I received my MA and PhD in Musicology from the State University of New York (SUNY) at Stony Brook after completing a BMus in Music History and Literature at University of Victoria, and an ARCT in piano performance from the Royal Conservatory of Music.
My dissertation, Medieval Uncloistered: Uses of Medieval Music in Late Twentieth- Century Culture, examined the influences, interpretations and reconfigurations of medieval music in late twentieth-century popular music by Dead Can Dance and Enigma, contemporary concert music by Arvo Pärt and John Tavener and historically-informed performances of medieval music.
Prior to my appointment at Laurier, I taught at SUNY Stony Brook and the University of Karlstad, Sweden.
I have presented my research at numerous international and national conferences including the American Musicological Society, the Canadian University Music Society, the International Musicological Society, the International Association for the Study of Popular Music, and Studies in Medievalism and remain active in these organizations. In 2012, I was the program chair for the national conference of the Canadian University Music Society, held at Laurier May 31- June 3, 2012.
At Laurier, I teach surveys of 19th and 20th century music, as well as a series of seminar courses in musicology; cross-cultural intersections; music, culture and technology; music in popular culture; and medievalism.
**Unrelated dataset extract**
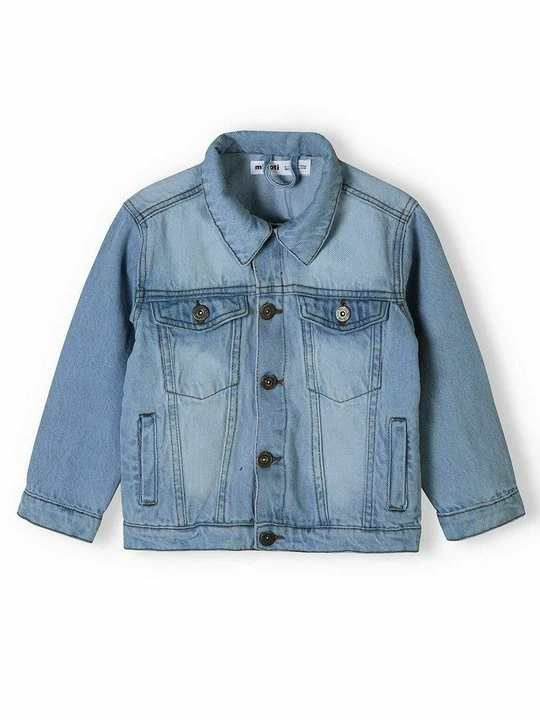 Obrázek produktu Džínová bunda MINOTI modrý denim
My courses incorporate critical theories from disciplines such as women’s studies, postcolonialism, literary criticism and cultural studies in an effort to shed light on the role and meaning of music in both contemporary and historical times.
I am a member of the graduate faculty and am willing to take on the role of an advisor, as well as be an outside reader within my areas of research or expertise.
I am currently editing a collection of essays on medievalism in 20th century musical culture. Topics range from modernist music to film music, rock music and video games. Continuing with the theoretical framework of medievalism, my major research project investigates the musical settings and poetry in Orff’s Carmina Burana, Catulli Carmina and Trionfo di Afrodite in the context of medievalism under fascism in Germany.
I have published articles on medievalism in early music ensembles including, the New York Pro Musica and the ‘cultural front’ (American Music); feminist spirituality in Anonymous 4 and Sequentia (Women and Music); orientalism and Binkley’s Studio der Frühen Musik (Early Music); and a history of recording Machaut’s Messe de Nostre Dame (A Companion to Guillaume de Machaut—An Interdisciplinary Approach to the Master). Other publications are on the rock band Dead Can Dance (Current Musiscology); the contemporary composer Arvo Pärt (IAML-IAMIC-IMS Conference Papers), and madness in works by Linda Bouchard (Intersections).
My courses are influenced by my desire to contextualize music as broadly as possible, and to make music relevant to non-specialist audiences. By borrowing cultural and critical theories from the humanities, I will teach you to learn different ways to position and understand how music functions in society.